I see! Thanks for the explanation!

Meanwhile, can you share your finetuning and decoding commands as well?

yfyeung · 2024-04-12T02:25:19Z

I see! Thanks for the explanation!

Meanwhile, can you share your finetuning and decoding commands as well?

Sure, I updated my comment. You can perform pruning in the process of searching the decoding space.

danpovey · 2024-04-12T12:24:01Z

@teowenshen is there any chance you can run with from your --start-epoch=33 with the --inf-check=True option, assuming pretrain.py supports these options like train.py; and show us the log? If the options are not there we should add them. I want to see where the inf grad is coming from, maybe we can fix it with more info.

danpovey · 2024-04-12T12:25:04Z

Also, @yfyeung we normally have a README.md and/or RESULTS.md that show typical sequences of training and testing commands, and associated results. Is there any chance of adding those?
Is a link to a paper going to come later?

teowenshen · 2024-04-12T13:10:40Z

I want to see where the inf grad is coming from, maybe we can fix it with more info.

Yes, please find the logs for epoch 33 as attached.

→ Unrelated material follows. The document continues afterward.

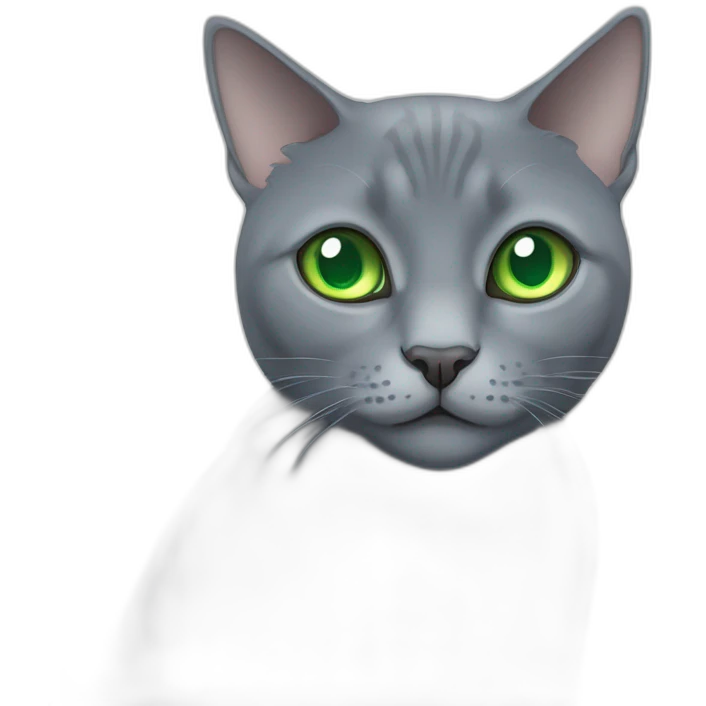round faced grey russian blue cat with green eyes with big pupils and fat emoji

librispeech_SSL_zipformer_pretrain_ep33_infcheck.txt

I couldn't run --print-diagnostics 1 due to this error:

Error getting eigenvalues, trying another method.
Error getting eigenvalues, trying another method.
Error getting eigenvalues, trying another method.
Error getting eigenvalues, trying another method.
/workspace/icefall/icefall/diagnostics.py:255: UserWarning: ComplexHalf support is experimental and many operators don't support it yet. (Triggered internally at /opt/conda/conda-bld/pytorch_1695392067780/work/aten/src/ATen/EmptyTensor.cpp:31.)
  eigs, _ = torch.linalg.eig(stats)
/workspace/icefall/icefall/diagnostics.py:255: UserWarning: ComplexHalf support is experimental and many operators don't support it yet. (Triggered internally at /opt/conda/conda-bld/pytorch_1695392067780/work/aten/src/ATen/EmptyTensor.cpp:31.)
  eigs, _ = torch.linalg.eig(stats)
/workspace/icefall/icefall/diagnostics.py:255: UserWarning: ComplexHalf support is experimental and many operators don't support it yet. (Triggered internally at /opt/conda/conda-bld/pytorch_1695392067780/work/aten/src/ATen/EmptyTensor.cpp:31.)
  eigs, _ = torch.linalg.eig(stats)
/workspace/icefall/icefall/diagnostics.py:255: UserWarning: ComplexHalf support is experimental and many operators don't support it yet. (Triggered internally at /opt/conda/conda-bld/pytorch_1695392067780/work/aten/src/ATen/EmptyTensor.cpp:31.)
  eigs, _ = torch.linalg.eig(stats)
Traceback (most recent call last):
  File "/mnt/host/icefall-k2ssl/egs/librispeech/SSL/zipformer/pretrain.py", line 1380, in <module>
    main()
  File "/mnt/host/icefall-k2ssl/egs/librispeech/SSL/zipformer/pretrain.py", line 1371, in main
    mp.spawn(run, args=(world_size, args), nprocs=world_size, join=True)
  File "/opt/conda/lib/python3.10/site-packages/torch/multiprocessing/spawn.py", line 246, in spawn
    return start_processes(fn, args, nprocs, join, daemon, start_method="spawn")
  File "/opt/conda/lib/python3.10/site-packages/torch/multiprocessing/spawn.py", line 202, in start_processes
    while not context.join():
  File "/opt/conda/lib/python3.10/site-packages/torch/multiprocessing/spawn.py", line 163, in join
    raise ProcessRaisedException(msg, error_index, failed_process.pid)
torch.multiprocessing.spawn.ProcessRaisedException: 

-- Process 0 terminated with the following error:
Traceback (most recent call last):
  File "/workspace/icefall/icefall/diagnostics.py", line 248, in print_diagnostics
    eigs, _ = torch.linalg.eigh(stats)
RuntimeError: "linalg_eigh_cuda" not implemented for 'Half'

During handling of the above exception, another exception occurred:

Traceback (most recent call last):
  File "/opt/conda/lib/python3.10/site-packages/torch/multiprocessing/spawn.py", line 74, in _wrap
    fn(i, *args)
  File "/mnt/host/icefall-k2ssl/egs/librispeech/SSL/zipformer/pretrain.py", line 1276, in run
    diagnostic.print_diagnostics()
  File "/workspace/icefall/icefall/diagnostics.py", line 517, in print_diagnostics
    self.diagnostics[k].print_diagnostics()
  File "/workspace/icefall/icefall/diagnostics.py", line 255, in print_diagnostics
    eigs, _ = torch.linalg.eig(stats)
RuntimeError: torch.linalg.eig: input tensor should not contain infs or NaNs.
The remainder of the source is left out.